元日本代表MFで10番を背負った中村俊輔氏(45=横浜FCコーチ)がスペイン1部レアル・ソシエダードに所属する〝まな弟子〟日本代表MF久保建英(22)の変化を指摘した。

 俊輔氏は欧州チャンピオンズリーグ(CL)第4節(8日=日本時間9日)Rソシエダード―ベンフィカ(ポルトガル)戦を中継した「WOWOW」で解説を担当。試合中に久保がCKを蹴ったシーンを振り返り「前と蹴り方が全然変わっているんですよ。前は体をひねって蹴ってたんですけど、今はしっかり上半身を寝かすような蹴り方をしてて」とし「明らかにボールの質が変わりましたね」と指摘した。

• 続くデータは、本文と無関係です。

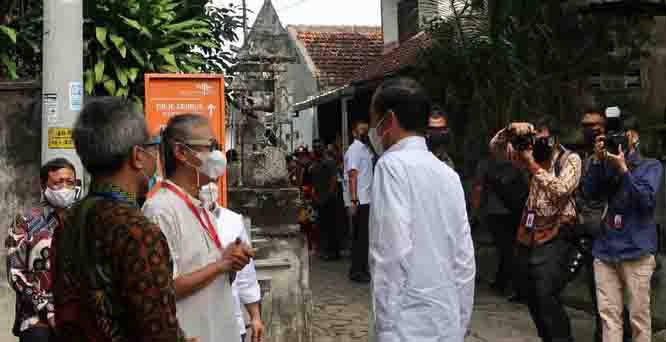 Jokowi Pantau Vaksinasi 500 Seniman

 現役時代に世界屈指のFKキッカーとして知られた俊輔氏は、番組の企画で久保にFKを〝指導〟。それだけに〝まな弟子〟の変化に着目したわけだ。その上で進化したキックによって「上から(ボールを)降らせる(落ちる)ようにでき、DFとDFの間に落ちてくるボールに(味方が)頭で触れる。そういうボールの質はゴールに直結しやすい。『蹴れてるな』という印象がありますね」と解説し、太鼓判を押した。

 久保のプレースキック(CK&FK)がレベルアップしたわけだが、特に日本代表では大きな効果を発揮しそうだ。森保一監督率いる日本代表は得点率が高いFKやCKなどのセットプレーからゴールが奪えず、大きな課題で、かねてキッカーの質が問われていた。それだけに久保のキック向上は朗報。チームの得点力アップにつながるのは間違いなさそうだ。